Instabile Gestelle, fehlerhafte Verbindungen, beschädigte tragende Teile oder Abweichungen von der bestätigten Produktbeschreibung werden anhand des jeweiligen Falls geprüft.

15. Nutzung von Tischtennistischen und Werkstattausstattung

Bei Tischtennistischen, Werkbänken, Werkzeugkisten und Werkzeugwagen sollte die angegebene Belastbarkeit beachtet werden.

Schäden durch Überlastung, nicht vorgesehene Nutzung, eigenmächtige Umbauten oder fehlende Sicherung beweglicher Teile werden gesondert beurteilt.

Ein bereits bei Übergabe vorhandener Defekt an Rollen, Bremsen, Verriegelungen, Gestellen oder Arbeitsflächen kann von der gesetzlichen Gewährleistung erfasst sein.

16. Wenn die Nacherfüllung nicht erfolgreich ist

Ist eine Nacherfüllung unmöglich, wird sie berechtigt verweigert, ist sie fehlgeschlagen oder für den Kunden unzumutbar, können im Rahmen der gesetzlichen Voraussetzungen weitere Rechte bestehen.

Dazu gehören insbesondere:

  • angemessene Minderung des Kaufpreises,

  • Rücktritt vom Vertrag,

  • Rückzahlung des Kaufpreises nach Rückgabe der Ware,

  • Schadensersatz, wenn die gesetzlichen Voraussetzungen erfüllt sind.

Welche Möglichkeit im konkreten Fall besteht, hängt von Art und Bedeutung des Mangels sowie vom bisherigen Verlauf der Nacherfüllung ab.
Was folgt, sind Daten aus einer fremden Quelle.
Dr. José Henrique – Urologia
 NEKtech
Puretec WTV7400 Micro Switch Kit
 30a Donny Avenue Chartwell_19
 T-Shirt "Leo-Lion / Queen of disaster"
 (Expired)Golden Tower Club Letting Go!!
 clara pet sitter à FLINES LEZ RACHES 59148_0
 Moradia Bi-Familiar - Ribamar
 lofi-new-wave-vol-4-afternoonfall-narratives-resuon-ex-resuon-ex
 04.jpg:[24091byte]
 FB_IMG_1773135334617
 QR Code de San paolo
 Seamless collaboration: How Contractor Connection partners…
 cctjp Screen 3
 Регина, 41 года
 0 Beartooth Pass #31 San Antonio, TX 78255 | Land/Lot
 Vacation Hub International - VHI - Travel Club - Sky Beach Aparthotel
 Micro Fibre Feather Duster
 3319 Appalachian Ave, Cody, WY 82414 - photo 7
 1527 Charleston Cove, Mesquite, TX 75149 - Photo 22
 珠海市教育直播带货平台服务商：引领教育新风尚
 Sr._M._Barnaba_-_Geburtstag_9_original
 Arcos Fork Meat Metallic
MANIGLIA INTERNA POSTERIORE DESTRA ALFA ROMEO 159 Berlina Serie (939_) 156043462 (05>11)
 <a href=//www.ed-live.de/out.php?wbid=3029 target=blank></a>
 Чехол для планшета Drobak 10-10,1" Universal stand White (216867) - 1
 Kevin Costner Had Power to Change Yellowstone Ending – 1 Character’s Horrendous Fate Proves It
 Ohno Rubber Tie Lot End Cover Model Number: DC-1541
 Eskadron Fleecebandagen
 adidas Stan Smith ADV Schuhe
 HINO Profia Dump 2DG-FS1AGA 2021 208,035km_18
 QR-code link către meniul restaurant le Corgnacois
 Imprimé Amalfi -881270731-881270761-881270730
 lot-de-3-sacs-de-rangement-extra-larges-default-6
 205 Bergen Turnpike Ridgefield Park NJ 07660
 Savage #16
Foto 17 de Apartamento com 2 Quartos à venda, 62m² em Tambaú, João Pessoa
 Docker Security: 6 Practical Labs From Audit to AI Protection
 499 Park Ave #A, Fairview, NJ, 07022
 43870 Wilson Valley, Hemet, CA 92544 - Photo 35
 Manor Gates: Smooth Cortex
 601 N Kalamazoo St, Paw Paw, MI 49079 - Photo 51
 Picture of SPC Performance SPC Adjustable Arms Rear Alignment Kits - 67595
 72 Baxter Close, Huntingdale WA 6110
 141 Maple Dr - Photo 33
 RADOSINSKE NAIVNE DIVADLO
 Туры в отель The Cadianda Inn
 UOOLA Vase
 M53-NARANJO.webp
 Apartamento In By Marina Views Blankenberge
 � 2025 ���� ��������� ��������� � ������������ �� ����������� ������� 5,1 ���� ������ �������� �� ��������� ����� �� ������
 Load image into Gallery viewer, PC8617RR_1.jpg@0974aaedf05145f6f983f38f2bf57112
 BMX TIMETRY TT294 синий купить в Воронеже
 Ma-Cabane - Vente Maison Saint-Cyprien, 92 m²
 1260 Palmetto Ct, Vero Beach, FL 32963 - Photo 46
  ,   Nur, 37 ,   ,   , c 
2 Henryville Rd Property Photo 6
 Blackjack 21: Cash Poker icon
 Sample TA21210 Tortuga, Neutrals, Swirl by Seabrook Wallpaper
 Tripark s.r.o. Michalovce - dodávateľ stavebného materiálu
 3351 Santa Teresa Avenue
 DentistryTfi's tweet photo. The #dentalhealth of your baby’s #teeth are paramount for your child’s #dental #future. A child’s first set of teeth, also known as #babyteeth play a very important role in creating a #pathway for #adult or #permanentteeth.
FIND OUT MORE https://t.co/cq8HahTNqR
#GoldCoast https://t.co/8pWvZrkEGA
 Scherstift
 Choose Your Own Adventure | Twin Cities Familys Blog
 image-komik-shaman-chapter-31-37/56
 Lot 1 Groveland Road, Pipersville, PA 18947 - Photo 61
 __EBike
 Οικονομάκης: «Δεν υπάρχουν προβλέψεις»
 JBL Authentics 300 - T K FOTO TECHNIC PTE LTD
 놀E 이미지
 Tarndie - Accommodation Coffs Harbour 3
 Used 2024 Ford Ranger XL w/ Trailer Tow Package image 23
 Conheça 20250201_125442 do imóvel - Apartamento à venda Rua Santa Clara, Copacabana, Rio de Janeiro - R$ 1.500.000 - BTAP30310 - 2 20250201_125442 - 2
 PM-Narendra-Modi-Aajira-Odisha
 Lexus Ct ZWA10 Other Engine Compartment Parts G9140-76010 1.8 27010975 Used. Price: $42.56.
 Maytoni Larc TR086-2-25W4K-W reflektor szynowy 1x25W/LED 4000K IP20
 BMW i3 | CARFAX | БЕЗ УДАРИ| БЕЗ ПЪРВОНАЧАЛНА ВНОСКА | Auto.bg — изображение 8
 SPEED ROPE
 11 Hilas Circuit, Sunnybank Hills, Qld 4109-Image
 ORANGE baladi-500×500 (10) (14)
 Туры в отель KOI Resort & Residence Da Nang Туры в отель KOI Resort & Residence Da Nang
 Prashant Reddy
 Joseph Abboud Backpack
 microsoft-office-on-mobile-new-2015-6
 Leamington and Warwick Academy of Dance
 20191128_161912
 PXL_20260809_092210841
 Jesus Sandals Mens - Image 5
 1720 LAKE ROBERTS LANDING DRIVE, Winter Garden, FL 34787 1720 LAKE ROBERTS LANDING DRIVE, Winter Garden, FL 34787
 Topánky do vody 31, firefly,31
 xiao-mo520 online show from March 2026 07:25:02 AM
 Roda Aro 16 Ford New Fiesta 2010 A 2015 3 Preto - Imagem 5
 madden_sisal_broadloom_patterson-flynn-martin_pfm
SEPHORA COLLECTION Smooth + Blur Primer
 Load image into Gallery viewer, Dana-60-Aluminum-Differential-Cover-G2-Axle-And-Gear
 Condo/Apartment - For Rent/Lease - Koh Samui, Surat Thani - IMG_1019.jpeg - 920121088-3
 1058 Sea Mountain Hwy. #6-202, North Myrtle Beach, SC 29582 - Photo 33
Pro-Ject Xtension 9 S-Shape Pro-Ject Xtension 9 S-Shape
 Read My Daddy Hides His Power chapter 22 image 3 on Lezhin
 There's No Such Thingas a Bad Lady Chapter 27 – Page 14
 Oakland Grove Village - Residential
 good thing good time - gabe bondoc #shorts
Die gesetzlichen Käuferrechte bei Mängeln umfassen insbesondere Nacherfüllung, Minderung, Rücktritt und unter den jeweiligen Voraussetzungen Schadensersatz. (Einzelnorm)

17. Fälle ohne ursprünglichen Sachmangel

Die gesetzliche Gewährleistung erfasst grundsätzlich keine Schäden, die ausschließlich nach der Übergabe durch folgende Umstände entstanden sind:

  • gewöhnliche Abnutzung,

  • unsachgemäße Verwendung,

  • Überlastung,

  • Missachtung der Montage- oder Pflegehinweise,

  • eigenmächtige Umbauten oder Reparaturen,

  • ungeeignete Lagerung,

  • vom Kunden verursachte Transport- oder Sturzschäden,

  • Witterungseinflüsse außerhalb des vorgesehenen Einsatzbereichs.

Ob ein solcher Fall vorliegt, wird anhand des Produkts, der Art des Schadens und der verfügbaren Nachweise beurteilt. Gesetzliche Verbraucherrechte werden nicht pauschal ausgeschlossen.

18. Verhältnis zu Widerruf und freiwilliger Rückgabe

Die gesetzliche Gewährleistung ist unabhängig vom 14-tägigen Widerrufsrecht und vom freiwilligen Rückgaberecht bis zum 30. Tag.

Ein mangelhaftes Produkt kann auch nach Ablauf des 30-tägigen Rückgabezeitraums unter die gesetzliche Gewährleistung fallen, sofern die gesetzlichen Voraussetzungen erfüllt sind.

Weitere Einzelheiten zur Meldung, Dokumentation und Bearbeitung eines konkreten Mangels finden Sie in der Richtlinie „Reklamation und beschädigte Ware“. Informationen zu Rückzahlungen finden Sie in den „Rückerstattungsbedingungen“.